EXERCISE DETAILS
What you copy should be the lines from the one with "Jensun CF-1 35mm" through the end of the entries, word for word. Omit the pictures.
(PROVIDED ENTRIES begins)
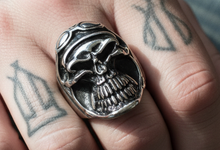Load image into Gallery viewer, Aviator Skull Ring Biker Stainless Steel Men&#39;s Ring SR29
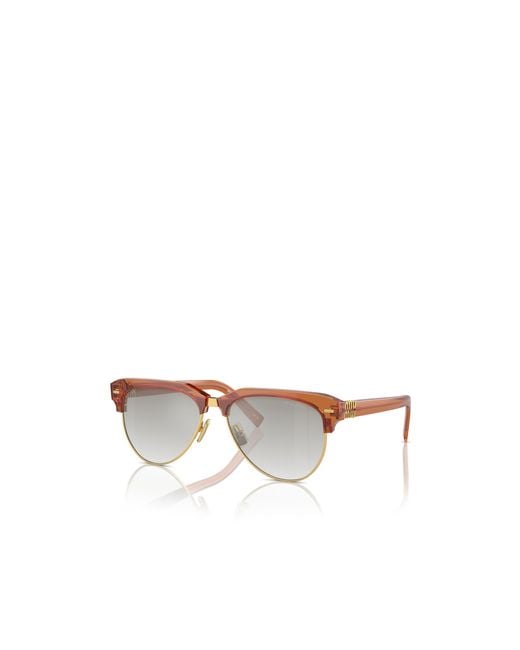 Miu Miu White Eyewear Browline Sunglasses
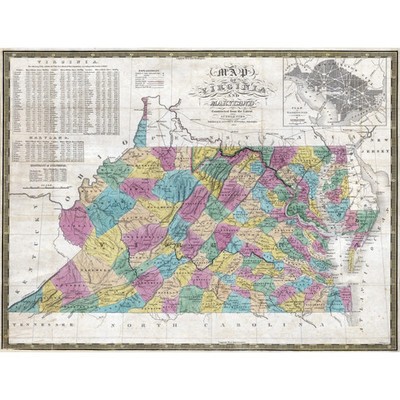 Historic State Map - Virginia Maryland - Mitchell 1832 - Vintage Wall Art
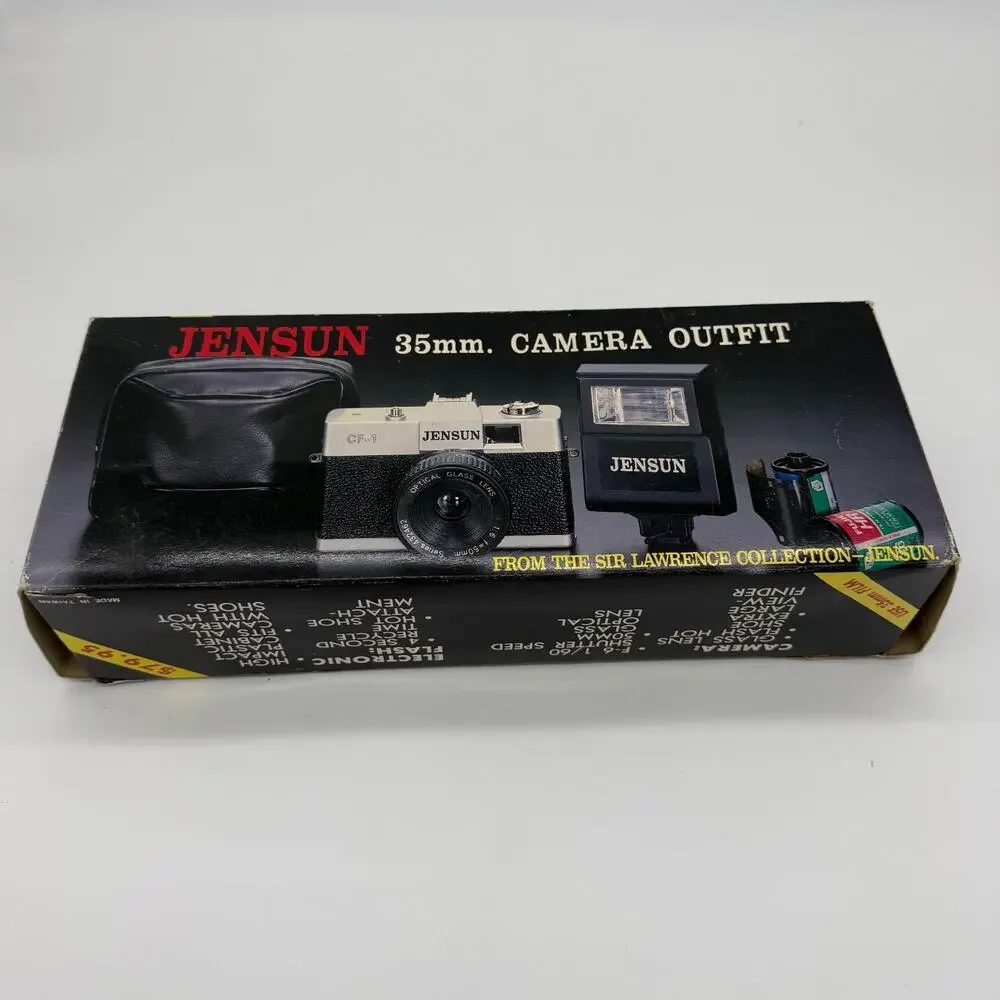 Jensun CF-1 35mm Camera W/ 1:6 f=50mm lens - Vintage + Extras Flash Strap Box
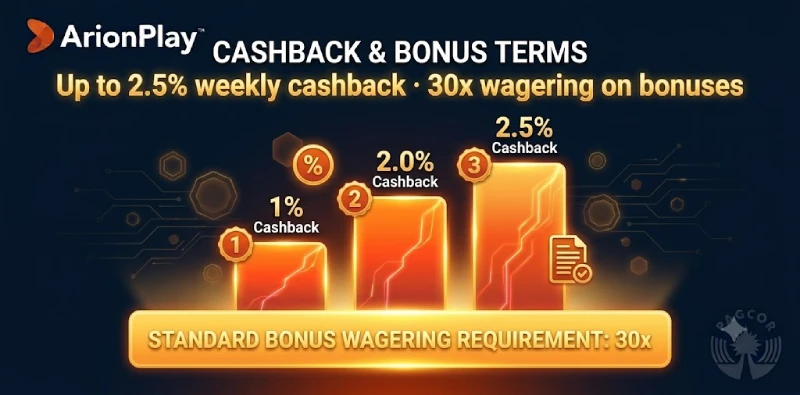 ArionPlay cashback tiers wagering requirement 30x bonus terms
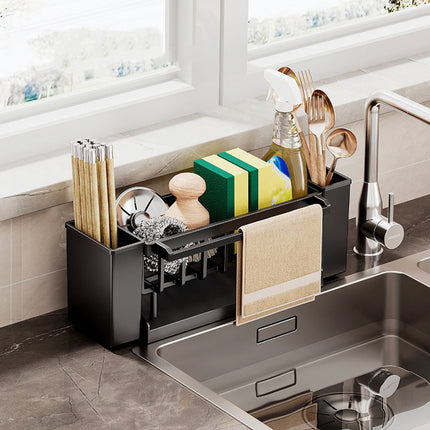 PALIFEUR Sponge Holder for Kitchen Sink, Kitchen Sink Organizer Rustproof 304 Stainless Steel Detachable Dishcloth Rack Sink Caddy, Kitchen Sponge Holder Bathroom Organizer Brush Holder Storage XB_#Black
(PROVIDED ENTRIES ends)
SOLUTION BELOW
 Jensun CF-1 35mm Camera W/ 1:6 f=50mm lens - Vintage + Extras Flash Strap Box
 ArionPlay cashback tiers wagering requirement 30x bonus terms
 PALIFEUR Sponge Holder for Kitchen Sink, Kitchen Sink Organizer Rustproof 304 Stainless Steel Detachable Dishcloth Rack Sink Caddy, Kitchen Sponge Holder Bathroom Organizer Brush Holder Storage XB_#Black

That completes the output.